In its latest Global Financial Stability Report, the fund noted that so-called leveraged buyouts (LBOs) by private equity funds, which finance takeovers of companies through borrowed money, have seen a "massive increase."
Typically, such equity groups then remove the company from its public stock market listing and hive off its most profitable parts.
The surge in LBOs has been spurred by a "desire to reduce the scrutiny associated with being a public company" and a big influx of cash from investors into private funds, the IMF said.
"The LBO-acquired firms that have become heavily indebted may be more vulnerable to economic shocks," the report warned.
"A collapse in one or more high-profile deals could leave banks with exposure during a syndication stage and could trigger a wider reappraisal of risks across a broader range of credit products," the report said.
After emerging in a big way in the 1980s, LBOs reached a record level last year with more than half the deals happening in the US.
Their worldwide value stood at nearly US$600 billion, a 70 percent rise over 2005, according to the corporate consultancy Dealogic.
In February, a US private equity consortium led by Kohlberg Kravis Roberts and Texas Pacific Group, backed by Wall Street banks including Goldman Sachs, launched a record US$45 billion bid for Texas energy group TXU.
That trumped the previous record for an LBO, rung up just days before by the Blackstone Group's US$39 billion takeover of US group Equity Office Properties Trust.

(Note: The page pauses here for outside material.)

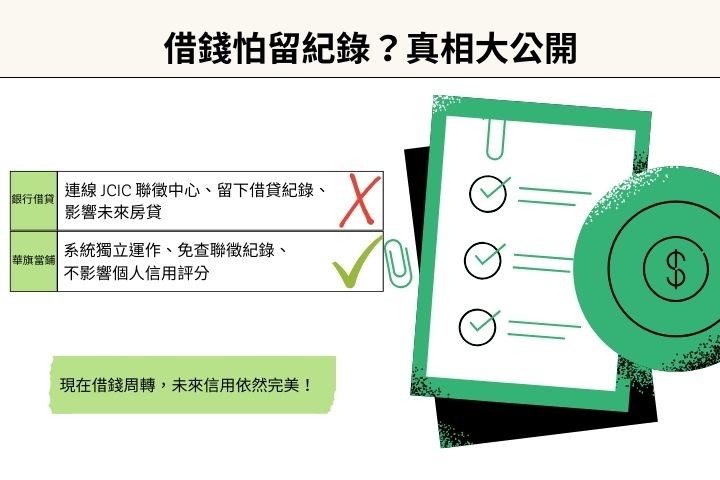 20歲去當鋪借錢紀錄影響信用評分嗎-當舖與銀行聯徵紀錄比較-華旗當舖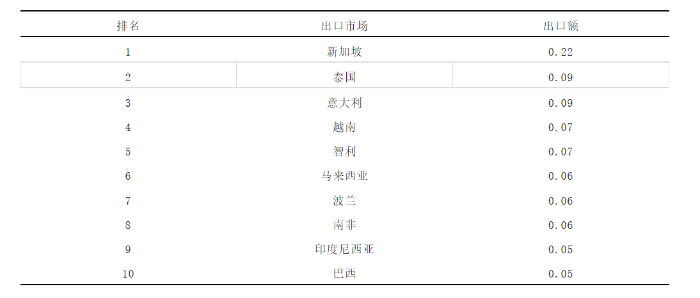 表4　2021年我国骨科植入物出口额排名前五的“一带一路”沿线市场情况 数据来源：海关统计数据在线查询平台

That deal included US$16 billion of debt.
Jaime Caruana, director of the IMF's monetary and capital markets department, expressed concern that a possible "relaxation of standards" by regulators may have helped to fuel the LBO boom.
And he stressed that the company targeted in such a deal, once saddled with massive debts, would find itself "in a more difficult situation to cope with changing economic conditions."
The IMF report was issued ahead of the fund's annual spring meeting that begins on Saturday.
Tomorrow, G7 finance ministers are likely to debate the secretive hedge fund industry at their talks in Washington. Calls for tougher regulation of hedge funds have mounted in recent months with Germany leading the charge for controls on the trillion dollar industry.
Concern has grown because ostensibly conservative pension funds have joined the rush to invest in hedge funds despite their secretive trading practices.
According to press reports, the largest of the highly speculative investment funds -- Blackstone, Cerberus and Fortress -- are likely to take part in the G7 talks.
But the US and Britain, home to the biggest hedge funds and corporate deal-making, have resisted the calls and supported instead more self-regulation.